2016-11-15 View on smbc-comics.com → 1 revision
the-troll-toll
Votey panel for the-troll-toll
This explanation is incomplete or may contain errors. It was generated by AI and has not yet been reviewed by a human editor.

Explanation

The Joke

A troll demands a toll from a traveler who wants to cross a bridge. When the traveler protests, the troll launches into a politically charged rant that mirrors real-world debates about infrastructure and taxation. The troll argues that bridge maintenance is not free, that the country has been spending less money on infrastructure every year since the 1960s, that the traveler should be grateful for the work of previous generations, and that the traveler is currently benefiting from past investments while refusing to pay their share.

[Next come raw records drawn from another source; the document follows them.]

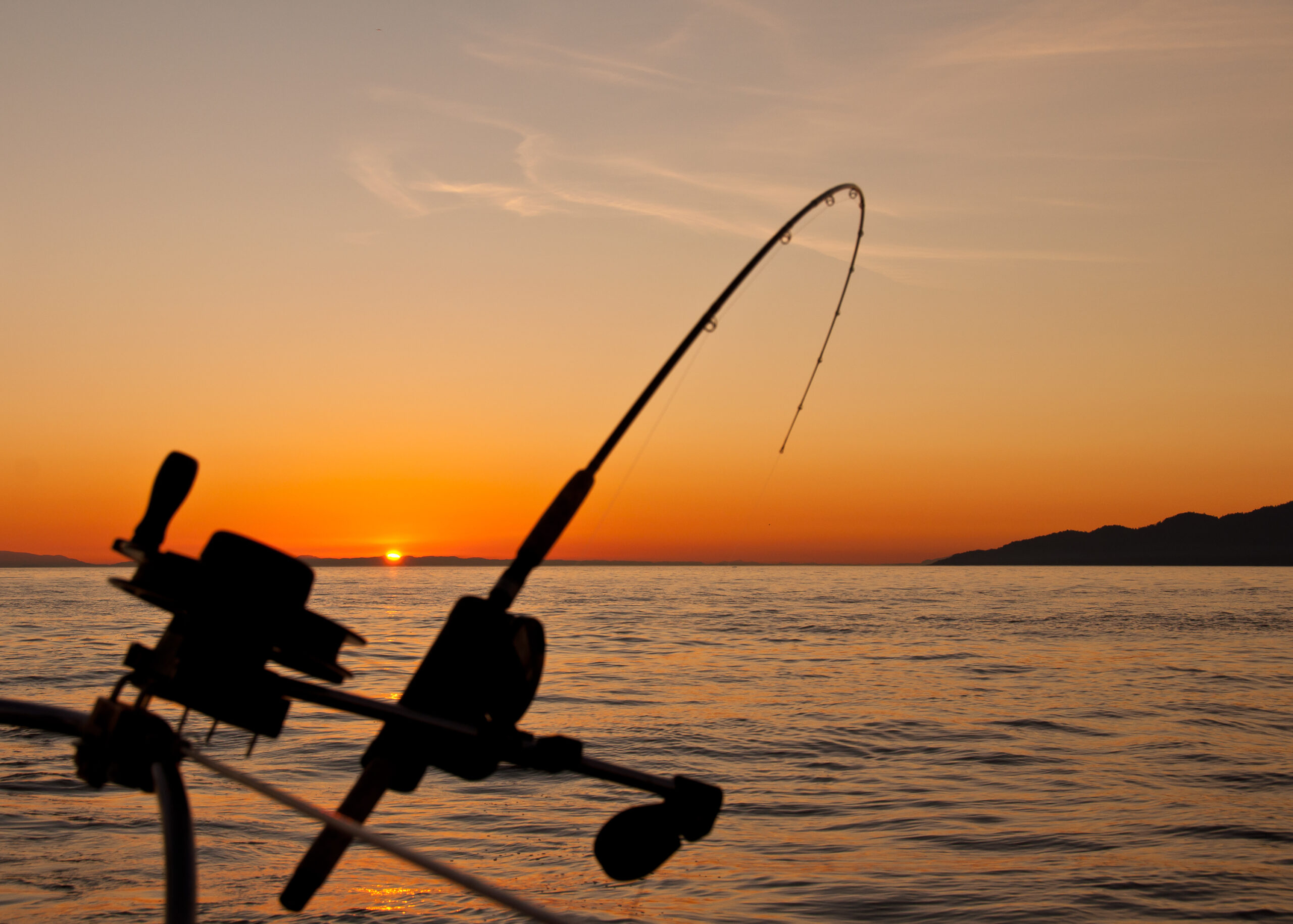 Best Fishing Spots in Dubai for a Fun Weekend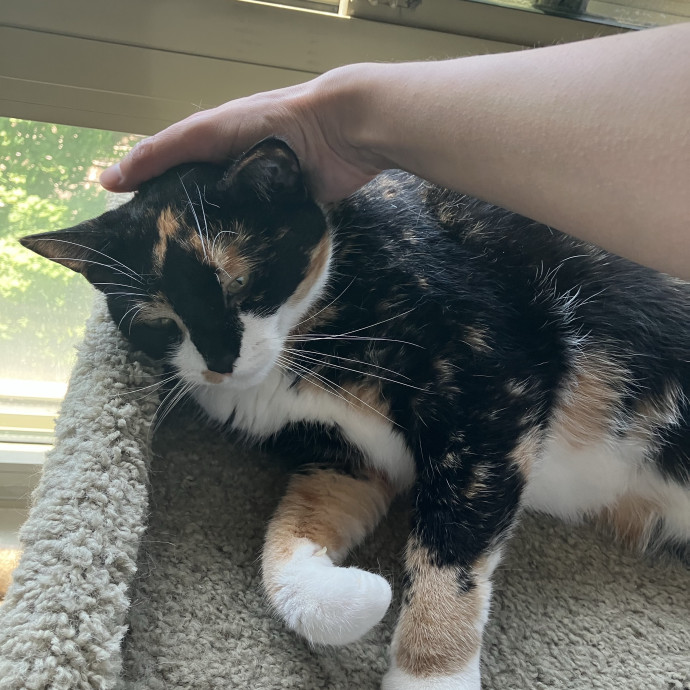 Patricia's Furry Fiesta Cat Sitting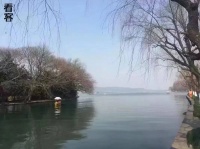 去游戏公司当假白领，工作是哄大佬开心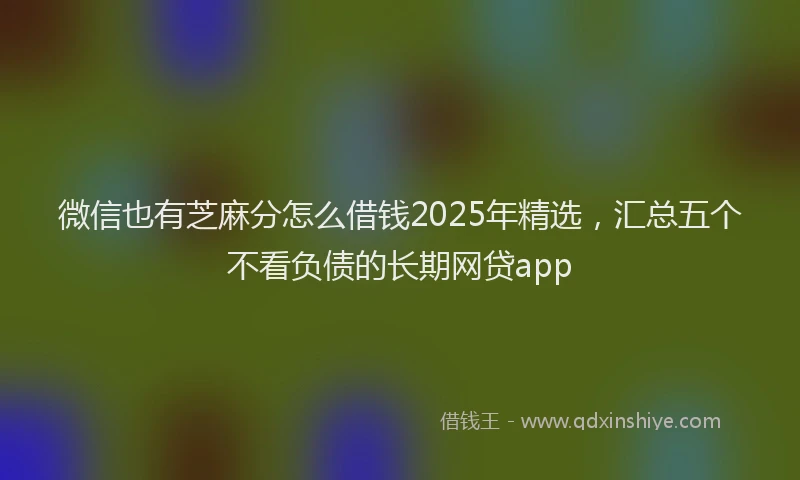 微信也有芝麻分怎么借钱2025年精选，汇总五个不看负债的长期网贷app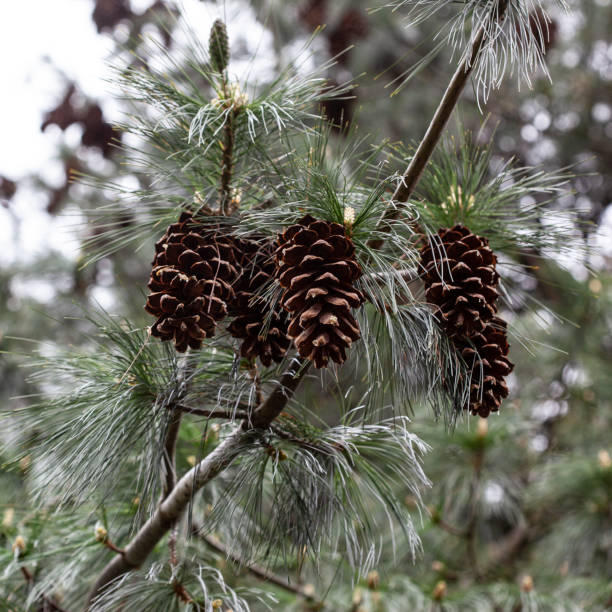 Pinus Wallichiana - Bhutan Pine Cones Space for text pinus wallichiana stock pictures, royalty-free photos & images
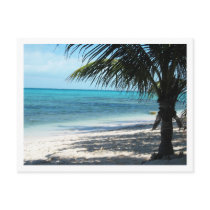 Turks & Caicos Islands Postcard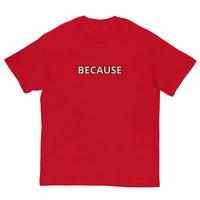 100% cotton classic tee "BECAUSE"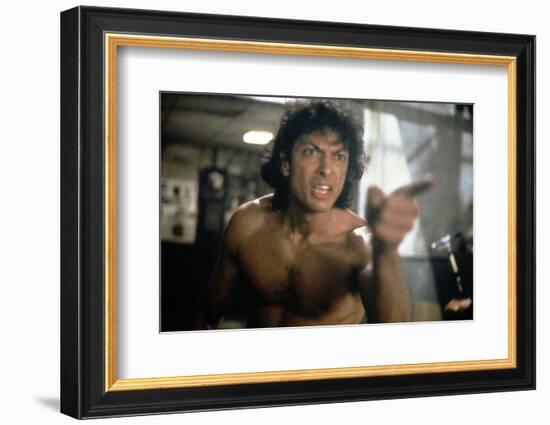 The Fly (photo)-null-Framed Photo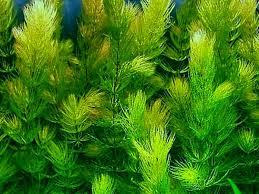 tanaman air Lumut tanduk (Ceratophyllum demersum)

The traveler accuses the troll of being part of the problem, saying "It is people like you and your taxes that are ruining this country." The troll, exasperated, announces that when the sun goes down, it is going to turn itself to stone -- and the final panel shows the troll has indeed turned to stone while people walk past, ignoring it completely, and the bridge deteriorates.

The Humor

The comic takes the classic fairy tale setup of a troll under a bridge and transforms it into a metaphor for modern political debates about taxation and infrastructure spending. The troll is not a monster demanding an unreasonable toll -- it is a reasonable public servant trying to maintain essential infrastructure. The joke is that in the fairy tale, the troll is the villain, but in the modern retelling, the real villain is the traveler who refuses to pay for the maintenance of the bridge they use. The troll literally giving up and turning to stone represents the collapse of public infrastructure when funding is refused. The crumbling bridge in the final panel drives the point home.

References

The comic references the classic fairy tale of the troll under the bridge, most famously from "Three Billy Goats Gruff." It also references the real-world decline in U.S. infrastructure spending, which has indeed decreased as a percentage of GDP since its peak in the 1960s. The American Society of Civil Engineers has repeatedly given U.S. infrastructure poor grades in their quadrennial report cards.